To: J3                                                     J3/25-195r1
From: Malcolm Cohen
Subject: Generalised reduction prefix (inclusive) semantics
Date: 2025-October-22
Reference: WG5/N2249, 25-145r1, 25-186r1


1. Introduction

There are several competing models for how the IDENTITY argument should
work in a generalised reduction prefix operation.
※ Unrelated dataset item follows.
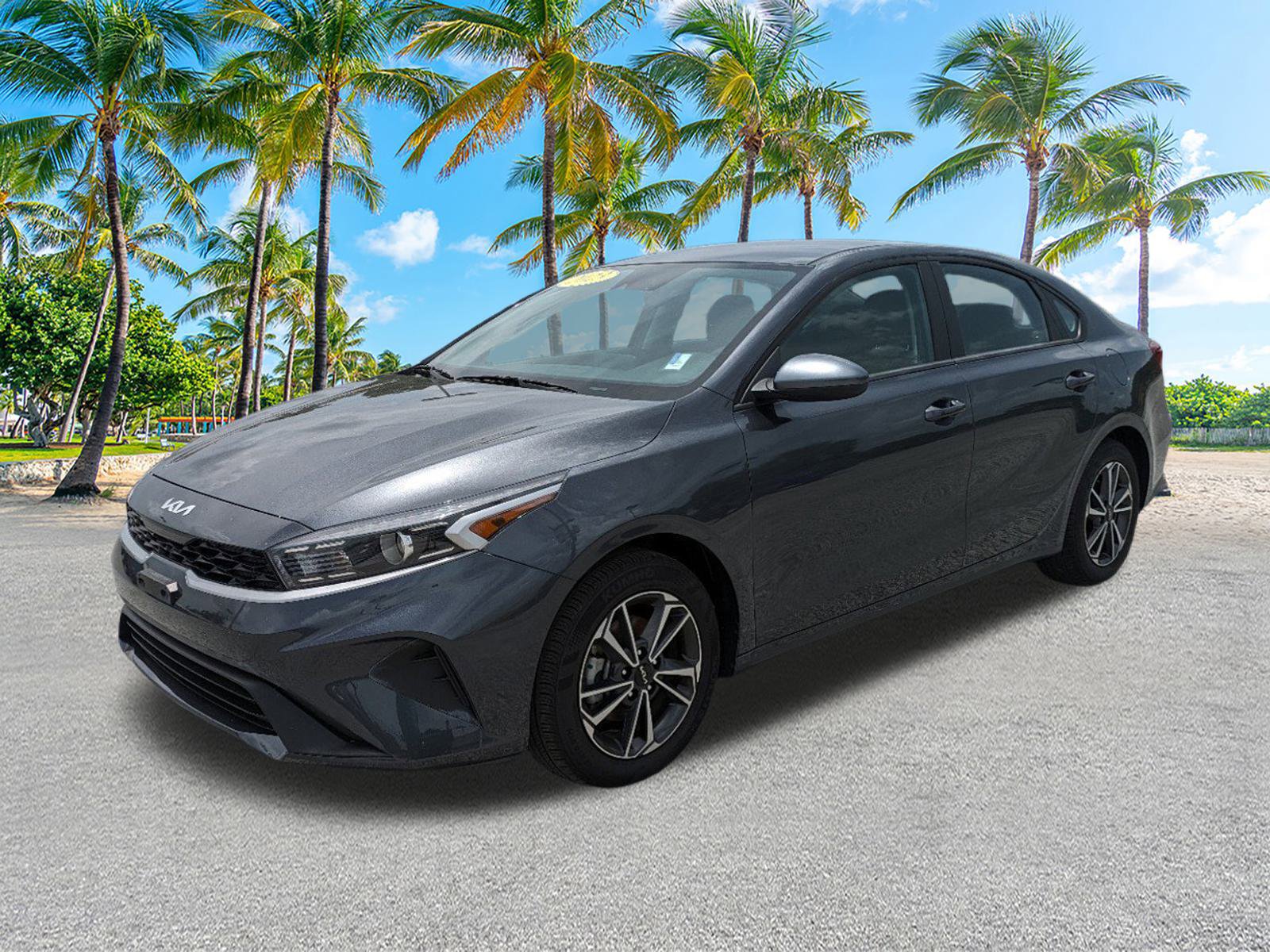 2023 Kia Forte LXS photo 7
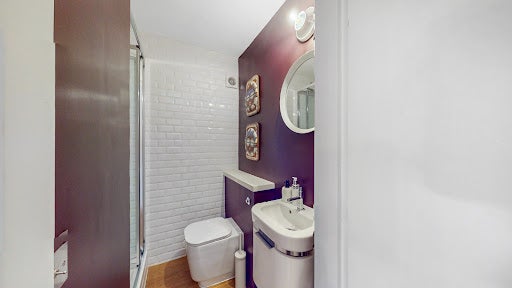 Flat Cornwall Gardens in Greater London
This paper attempts to
describe those models succintly, with simple examples, to help us to decide
which model we want to use.

If the IDENTITY argument is a true identity, that is OPERATION(identity,x)
has the value of x, and OPERATION(x,identity) has the value x, all three
models act the same.

The three models have different effects in different situations,
in INCLUSIVE mode:
(a) there is a MASK argument with first value FALSE, a later one TRUE;
(b) there is a MASK argument with first value TRUE, a later one FALSE;
(c) there is no MASK argument (or equivalently, all values TRUE).
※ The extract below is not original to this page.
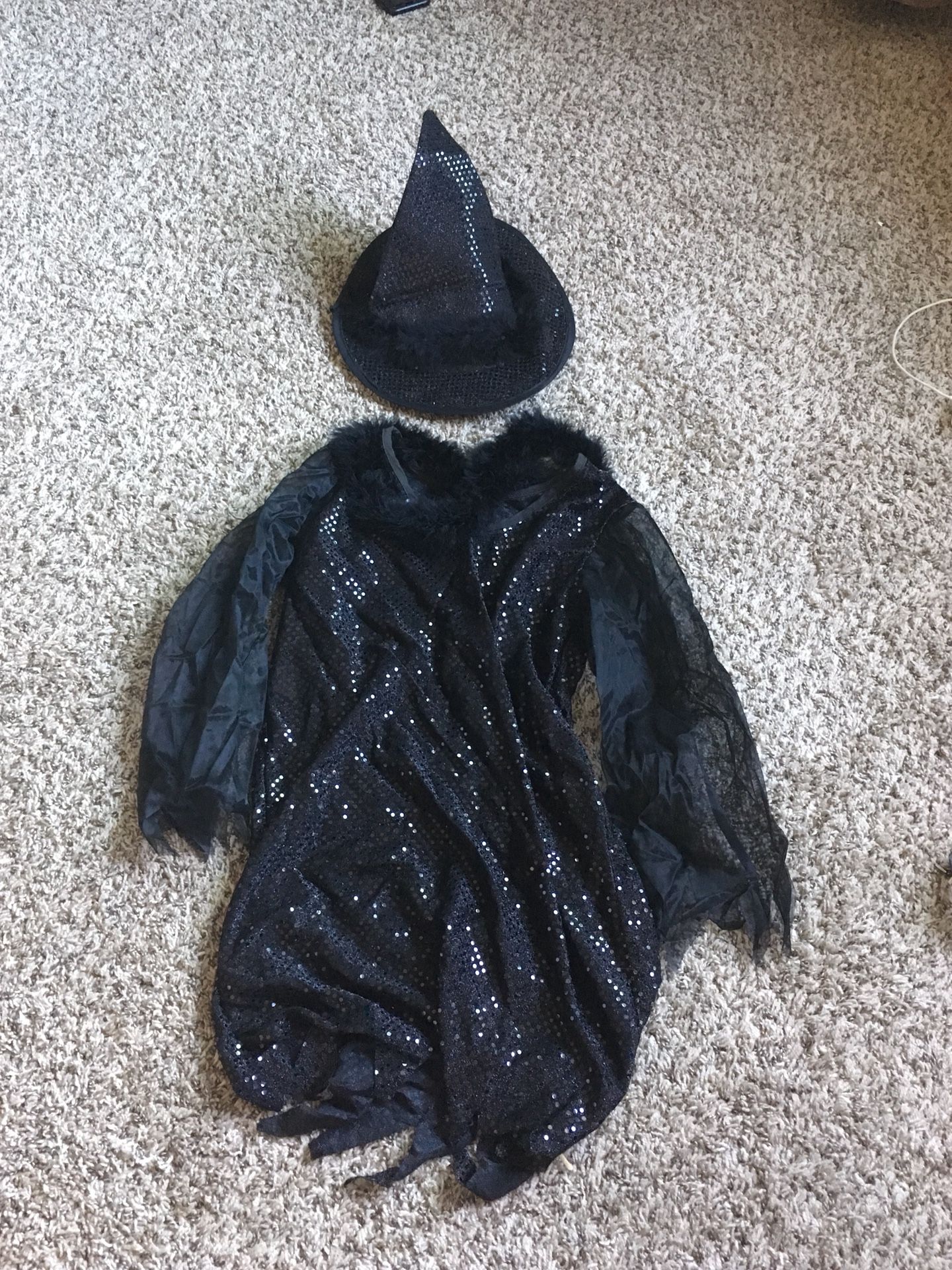 Witch costume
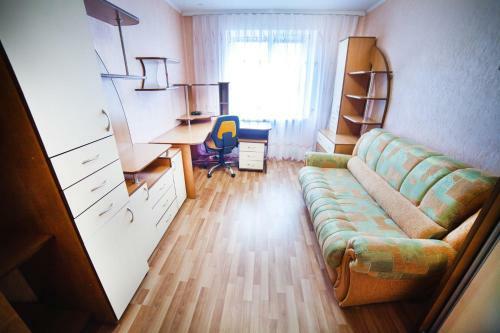 Apartment On Lyali Ratushnoy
To keep the paper simple, we will do one example with no MASK, and one with
a MASK that has both an initial FALSE and a later FALSE, and the rest TRUE.
We will also have an example where the IDENTITY is palpably not any sort
of identity, not even a mathematical one, with the 1st MASK element FALSE.
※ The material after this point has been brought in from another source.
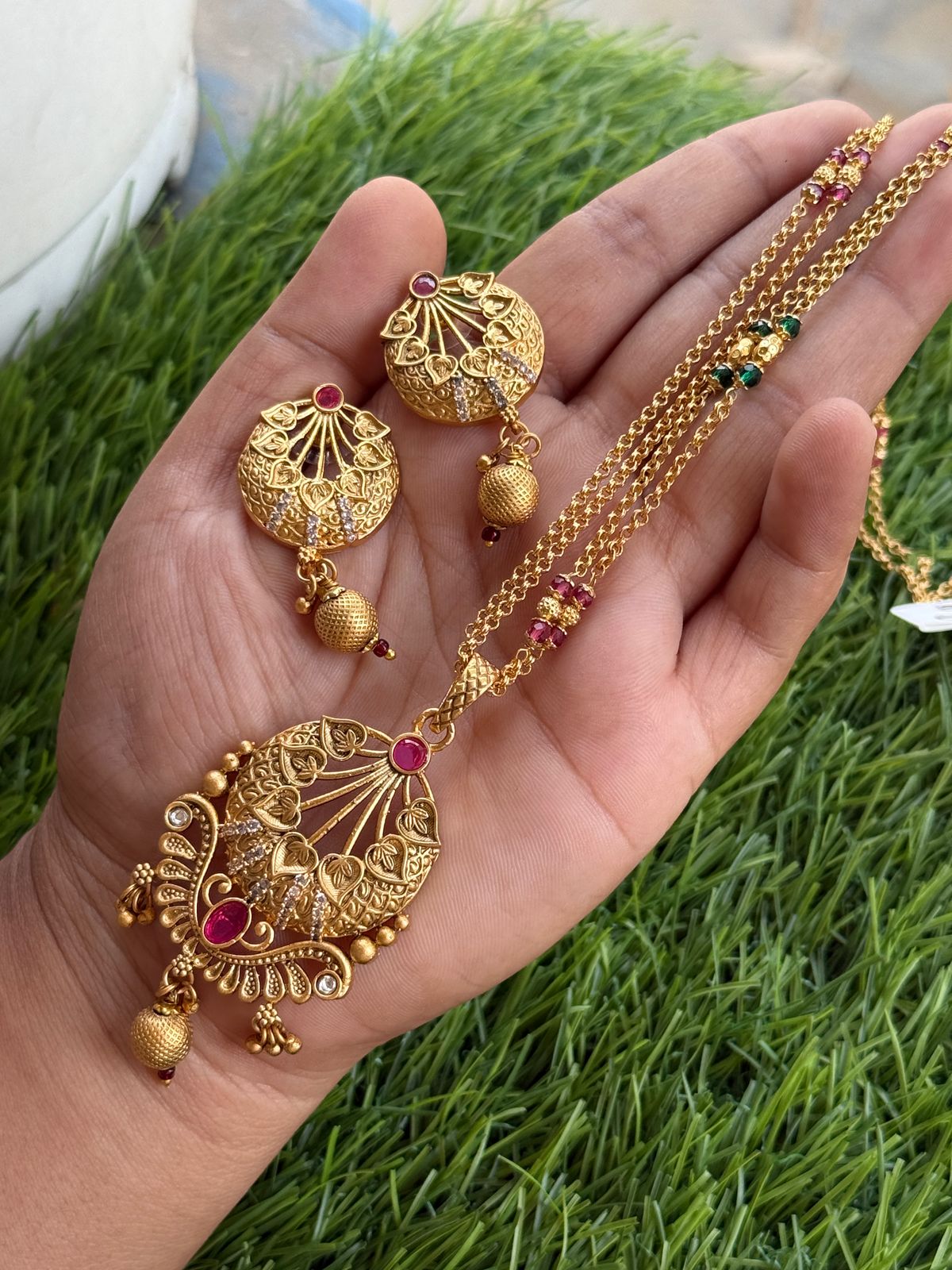 leaf design gold pendant set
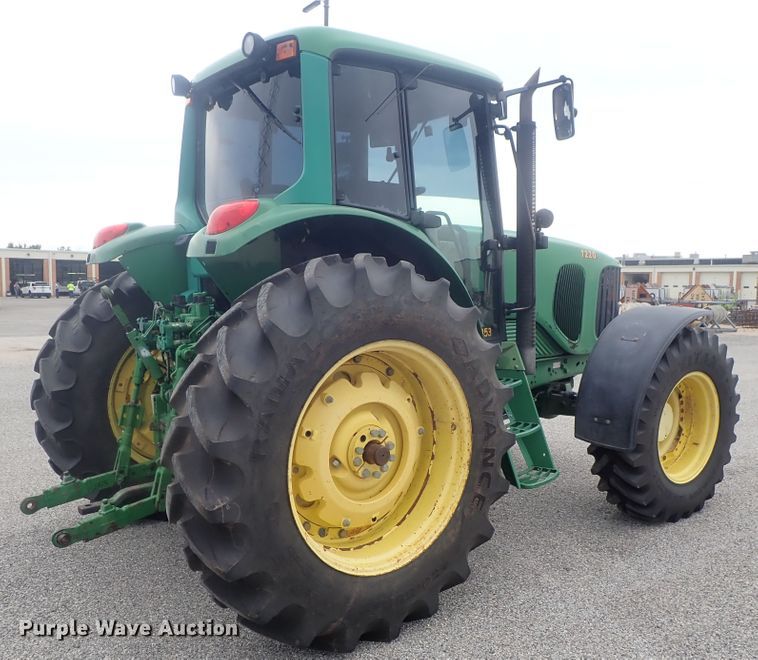 image for item DE0693 John Deere 7220  MFWD tractor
Also to keep the paper simple, we will only discuss INCLUSIVE.
(The EXCLUSIVE semantics follow straightforwardly from the INCLUSIVE.)

Similarly, the results for higher ranks follow from the vector results.


2. The examples

Example 1: A = [ 1,2,3,4 ], IDENTITY = 100, no MASK

    Pure Integer Function OPERATION(a,b)
        Integer,Intent(In) :: a,b
        OPERATION = a + b
    End Function

Example 2:
    Type t
        Integer res
        Integer :: missing = 0
    End Type
    A = [ t(1),t(2),t(3),t(4) ], IDENTITY = t(0,1), MASK = [ F,T,F,T ]

    Pure Type(t) Function OPERATION(a,b)
        Type(t),Intent(In) :: a,b
        OPERATION = t(a%res+b%res,a%missing+b%missing)
    End Function


Example 3: A = [ 1,2,3,4 ], IDENTITY = 100, MASK = [ F,T,F,T ]
    That is, the A and IDENTIFY from Example 1, and MASK from Example 2.

3. The Models

Note: In all models, where MASK=TRUE, R(n+1) is OPERATION(R(n),A(n+1)).
      And where MASK(1) is FALSE, R(1) is IDENTITY.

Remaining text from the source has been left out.